L’avantage des applications ? Elles sont disponibles à toute heure, contrairement à la loterie traditionnelle qui se limite à six tirages quotidiens. C’est comme avoir un casino dans sa poche, accessible d’un simple clic.
Une page qui se tourne
Avec la disparition de figures emblématiques comme Piruinha et l’explosion des jeux en ligne, c’est toute une époque qui semble s’effacer progressivement. Les "bicheiros", ces personnages mi-entrepreneurs mi-mafieux qui ont façonné l’histoire sociale et culturelle de Rio, cèdent peu à peu la place aux algorithmes et aux plateformes numériques.

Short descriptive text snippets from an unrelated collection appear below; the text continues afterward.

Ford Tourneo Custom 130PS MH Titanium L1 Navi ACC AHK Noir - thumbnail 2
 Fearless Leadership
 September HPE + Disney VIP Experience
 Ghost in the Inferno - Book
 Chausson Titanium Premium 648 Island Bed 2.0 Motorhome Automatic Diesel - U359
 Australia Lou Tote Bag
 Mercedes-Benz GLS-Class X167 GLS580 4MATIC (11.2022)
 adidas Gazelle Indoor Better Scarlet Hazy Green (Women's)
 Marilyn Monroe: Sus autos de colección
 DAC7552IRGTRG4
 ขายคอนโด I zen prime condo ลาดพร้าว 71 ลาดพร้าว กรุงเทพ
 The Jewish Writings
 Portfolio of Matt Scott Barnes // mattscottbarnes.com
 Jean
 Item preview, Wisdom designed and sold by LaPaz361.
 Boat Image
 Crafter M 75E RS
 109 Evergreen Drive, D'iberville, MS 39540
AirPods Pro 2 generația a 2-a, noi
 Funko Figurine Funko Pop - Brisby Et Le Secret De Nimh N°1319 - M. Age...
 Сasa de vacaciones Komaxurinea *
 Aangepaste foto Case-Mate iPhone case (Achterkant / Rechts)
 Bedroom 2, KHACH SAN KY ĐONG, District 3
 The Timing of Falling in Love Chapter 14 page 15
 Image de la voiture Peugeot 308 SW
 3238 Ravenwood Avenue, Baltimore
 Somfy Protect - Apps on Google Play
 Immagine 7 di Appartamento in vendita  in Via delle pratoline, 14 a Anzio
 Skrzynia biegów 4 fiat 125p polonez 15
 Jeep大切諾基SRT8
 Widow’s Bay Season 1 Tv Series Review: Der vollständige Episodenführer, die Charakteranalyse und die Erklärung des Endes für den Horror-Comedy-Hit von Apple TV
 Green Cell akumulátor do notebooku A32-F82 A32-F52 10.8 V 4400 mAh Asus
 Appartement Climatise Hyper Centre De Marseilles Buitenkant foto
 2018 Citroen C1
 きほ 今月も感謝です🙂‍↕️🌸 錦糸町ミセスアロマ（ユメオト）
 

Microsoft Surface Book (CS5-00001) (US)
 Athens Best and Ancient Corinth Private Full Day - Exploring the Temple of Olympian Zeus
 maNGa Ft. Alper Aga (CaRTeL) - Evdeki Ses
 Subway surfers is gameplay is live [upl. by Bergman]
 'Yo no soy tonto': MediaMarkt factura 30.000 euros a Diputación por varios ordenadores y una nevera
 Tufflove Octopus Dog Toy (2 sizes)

L’histoire du jogo do bicho est aussi celle du Brésil moderne : un mélange fascinant de tradition et d’innovation, de légalité et de clandestinité, de superstition et de pragmatisme. Si la loterie traditionnelle venait à disparaître, c’est un pan entier de la culture populaire brésilienne qui s’éteindrait avec elle.
Mais ne parions pas trop vite sur sa fin. Après tout, le jogo do bicho a survécu à plus d’un siècle d’interdiction et de répression. Qui sait si les animaux porte-bonheur ne trouveront pas le moyen de s’adapter à l’ère numérique, tout en conservant cette touche de magie et de folklore qui fait leur charme inimitable ?
En attendant, les Cariocas continuent de pleurer leur Piruinha, dernier géant d’une époque révolue où les rêves d’animaux pouvaient, parfois, changer une vie.